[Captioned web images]
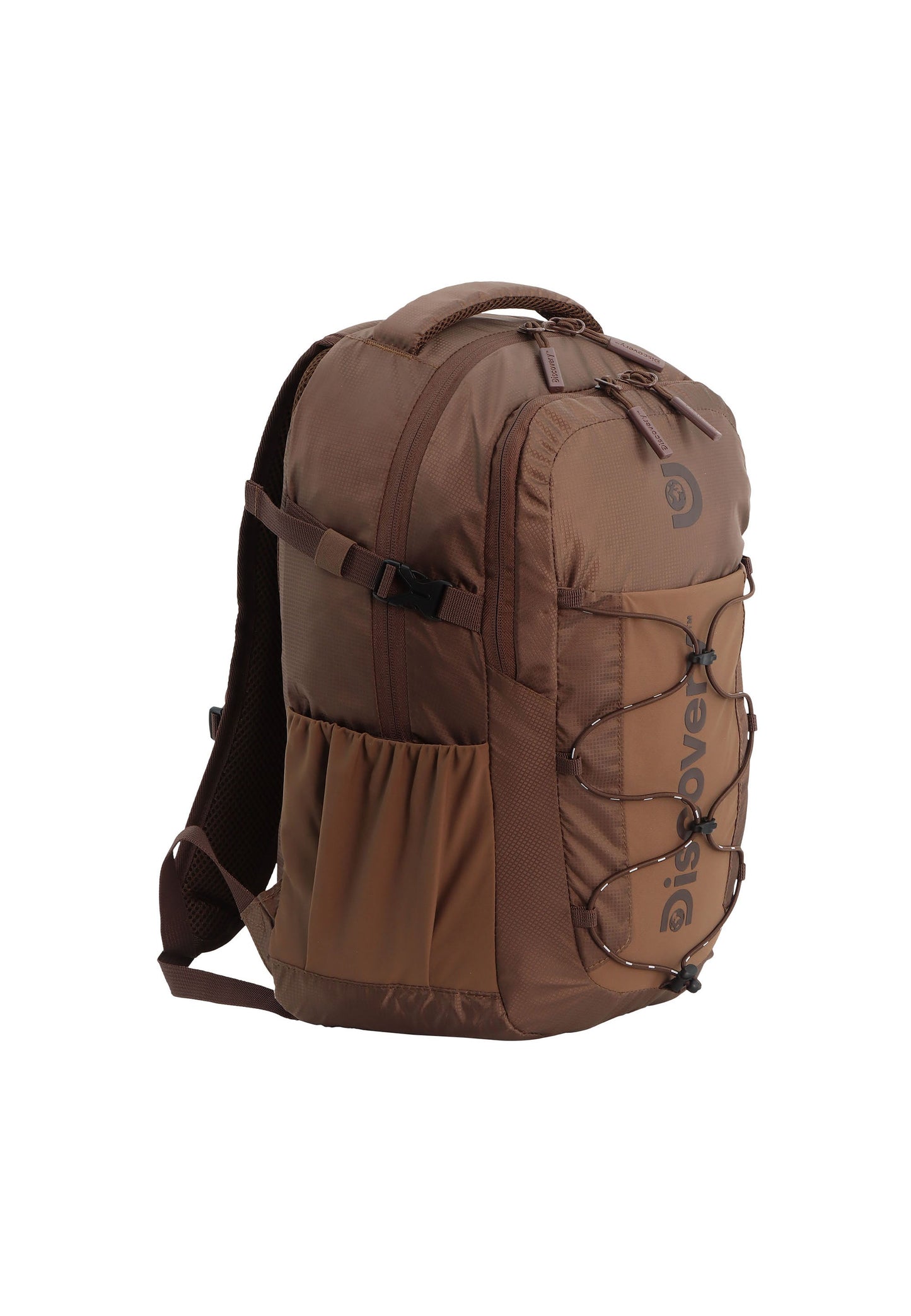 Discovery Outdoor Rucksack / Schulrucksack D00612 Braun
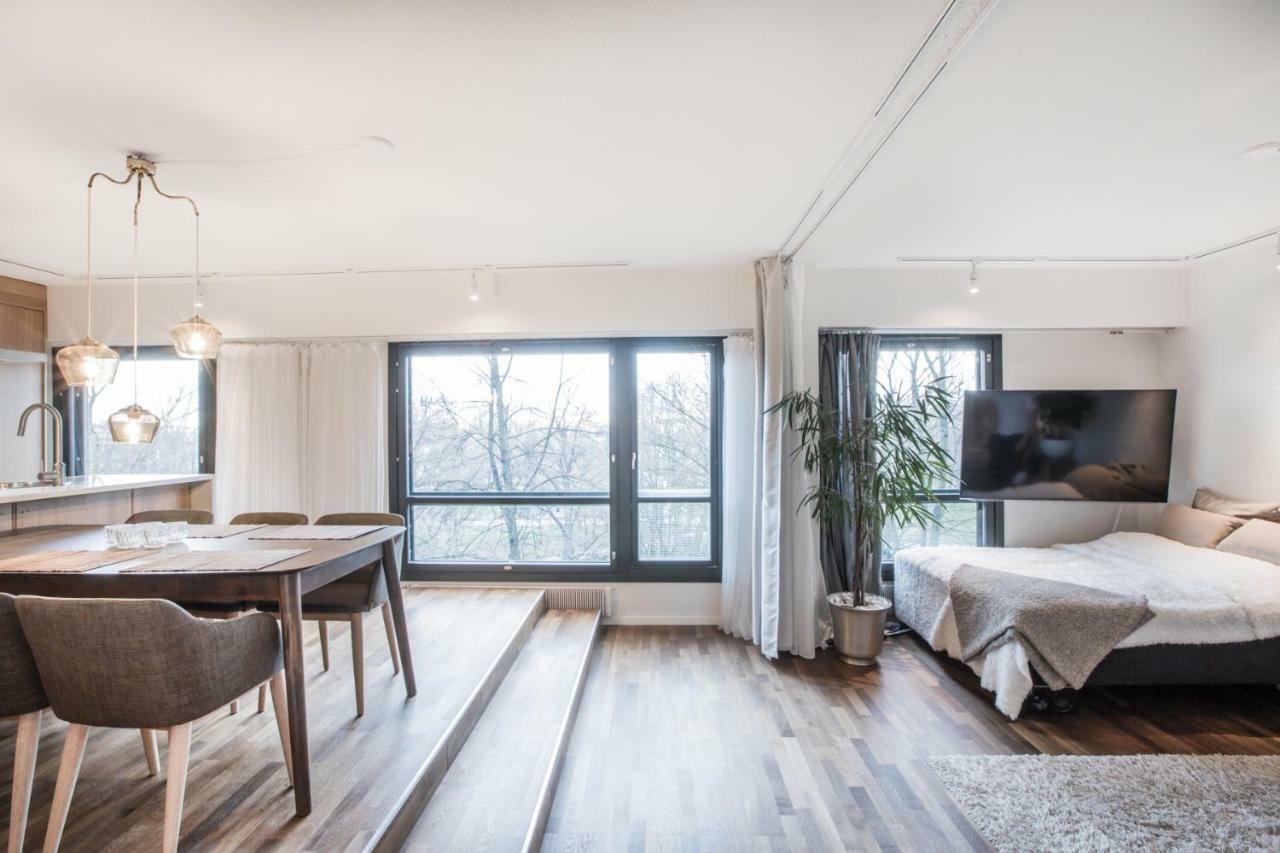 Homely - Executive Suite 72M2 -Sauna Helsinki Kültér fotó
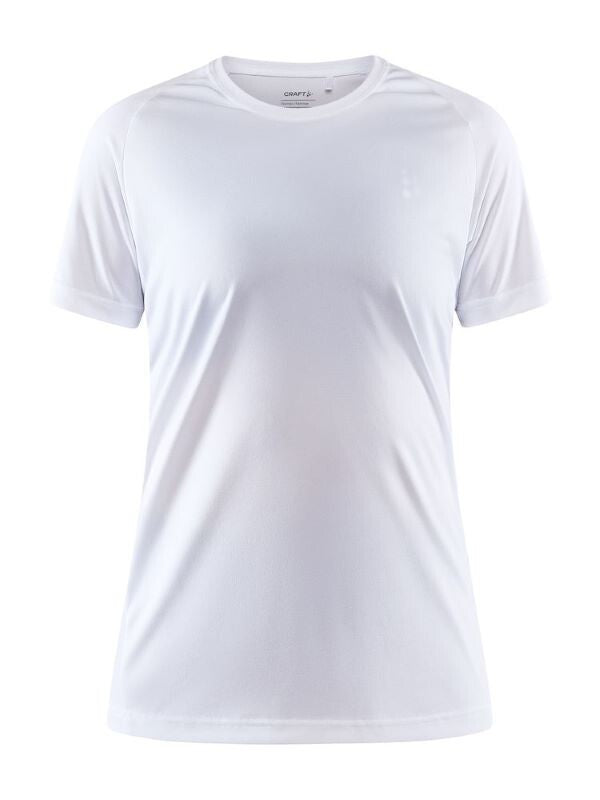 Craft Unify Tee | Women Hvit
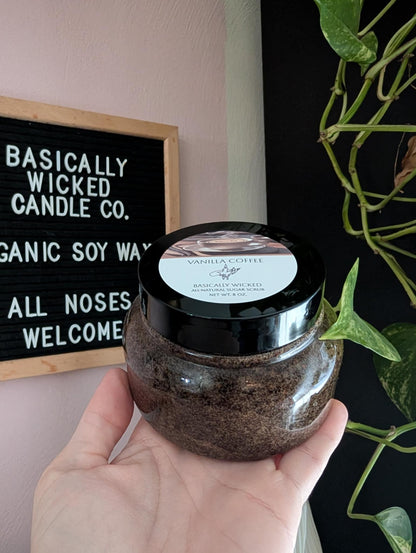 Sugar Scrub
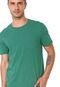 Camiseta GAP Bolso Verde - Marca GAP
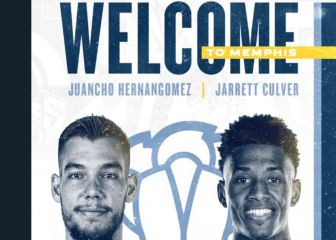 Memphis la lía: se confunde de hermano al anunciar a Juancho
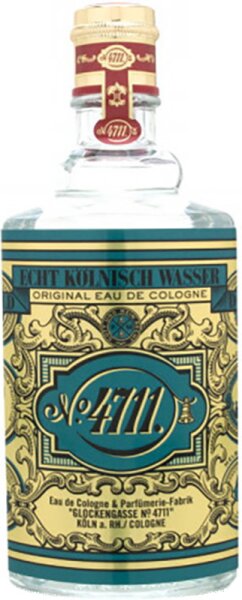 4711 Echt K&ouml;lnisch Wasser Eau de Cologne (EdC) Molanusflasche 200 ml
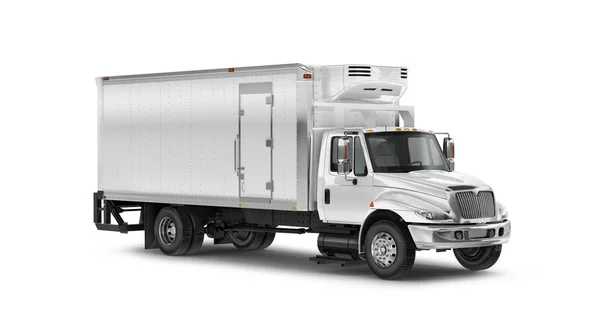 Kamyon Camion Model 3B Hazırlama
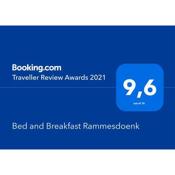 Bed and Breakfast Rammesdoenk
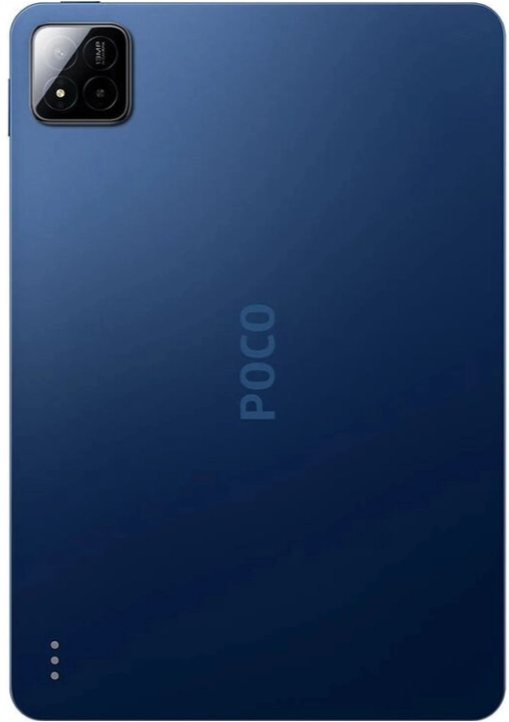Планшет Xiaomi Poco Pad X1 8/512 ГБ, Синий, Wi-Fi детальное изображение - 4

### [Exercise objective]
Leaving every picture out, return the lines from the one containing "Sugar Scrub" through the last line of the records exactly.

### [Answer to the exercise]
 Sugar Scrub
 Camiseta GAP Bolso Verde - Marca GAP
 Memphis la lía: se confunde de hermano al anunciar a Juancho
 4711 Echt K&ouml;lnisch Wasser Eau de Cologne (EdC) Molanusflasche 200 ml
 Kamyon Camion Model 3B Hazırlama
 Bed and Breakfast Rammesdoenk
Планшет Xiaomi Poco Pad X1 8/512 ГБ, Синий, Wi-Fi детальное изображение - 4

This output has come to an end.